On a September afternoon in 2008, Thomas R. Ahlersmeyer and Patrick T. Ferry found themselves sitting next to each other in an Oregon airport. The two college presidents had been together for a meeting of the Concordia University system, which is composed of six campuses operated by the Missouri Synod, a Lutheran denomination.
Ahlersmeyer was awaiting his flight home to Concordia’s Ann Arbor branch, and Ferry to its Wisconsin arm, in Mequon. Ahlersmeyer was returning to a campus on shaky financial ground, while Ferry’s had solid footing. Ferry wrote in his journal that day: “Did I mention that I had a preliminary conversation with the President of Concordia Ann Arbor about us acquiring that school?”
Nearly five years later, the conversation bore fruit. The two colleges agreed on an acquisition of Ann Arbor’s campus by the Wisconsin branch, which the two sides called a merger.
Tucked into the agreement was a simple provision that some in Ann Arbor are now eyeing warily. That clause, which gave the Wisconsin campus ownership of prime riverfront land in the fast-growing Michigan university and technology center in the event of Ann Arbor’s closure, is why many on the Michigan campus are tempering their rejoicing over recent news that the college won’t close this coming academic year.
“I have developed a lot of close relationships and mentors here and the thought of potentially losing those crushed me,” said Grace Dodgson, a junior. “I was happy that we were not shutting down right away and that there are more discussions to be had about the future of the school.”
But she knows there’s a big hurdle to make sure she doesn’t feel that hurt again next spring. “Over the next year I would like to see Concordia Ann Arbor become its own university so that we do not have to fear another situation like this being tied to another school,” she said.

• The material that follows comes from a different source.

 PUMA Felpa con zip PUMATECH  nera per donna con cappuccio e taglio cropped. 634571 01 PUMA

The terms of the merger, which supplied a financial lifeline to the Ann Arbor campus, are now the focus of suspicion among observers who worry over the institution’s future.
“We never viewed either campus as just an asset to be considered for transactional purposes. and I’m not implying that’s exactly what is happening now, but that is certainly how it is being interpreted in some circles,” Ferry said on a podcast in late February.

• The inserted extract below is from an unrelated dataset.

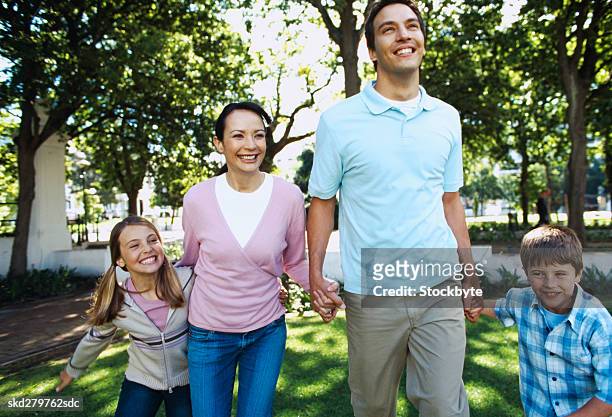 portrait of a couple walking with their children (6-8) across a lawn - across stock pictures, royalty-free photos & images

A Roller-Coaster of a Month
Dodgson and others on the Ann Arbor campus had a roller-coaster of a February, starting with an email and video message from President Erik P. Ankerberg, who said that despite record enrollments, the Ann Arbor campus wasn’t doing well financially. The Ann Arbor campus had 1,200 total students in the 2022-23 academic year as compared to 892 students in 2015-16, and the Wisconsin campus had 4,980 total students in 2022-23. Job cuts, program cuts, and property sales were on the table and likely to occur before the start of the next academic year. That led many to believe the Ann Arbor campus was on life support that was about to be turned off.

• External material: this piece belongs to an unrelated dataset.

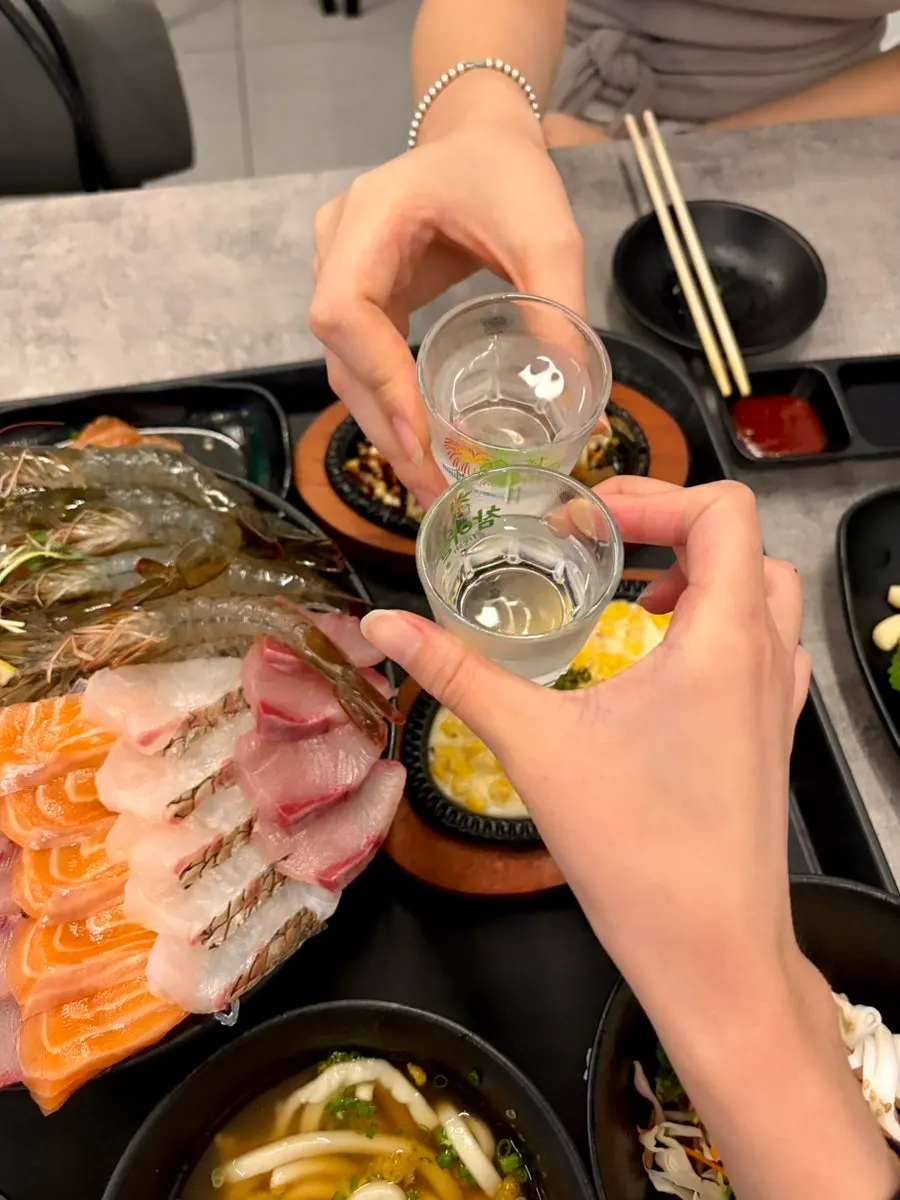 A bottle of soju paired with the raw shrimp sashimi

“There was an immense amount of confusion and anxiety from the thought of Concordia possibly closing,” said David Smalls, a senior. “For many students, including myself, we were in a state of shock and anticipation as we didn’t know what this meant for our future.”
Students, alumni, and faculty rallied quickly. They wrote letters to the board, held prayer vigils, and started a social-media campaign. In addition to telling stories about how the university positively affected their lives, they questioned the need for cuts.
“We’re here all the time, and there’s a lot more students around on campus and so much good stuff going on,” said Kelly Matthews on a recent weekday while waiting to pick up her daughter, a senior, for lunch and some shopping. “I don’t understand this claim that Ann Arbor is in such a big financial mess. It just doesn’t make sense. We keep hearing how enrollment is growing. I wonder if there is some other reason they want to close this campus.”
Several others pointed to financial records they said showed the university was in good financial shape. Those records show the combined university finished the fiscal year ending June 30, 2022 (the most recent publicly available figures), $8.7 million in the black. The previous year, the university finished $37.1 million in the black. Separate figures for each of the two campuses were not included. University officials have declined interview requests.
The university’s administration pushed back against that impression in a February 23 letter to the campus community.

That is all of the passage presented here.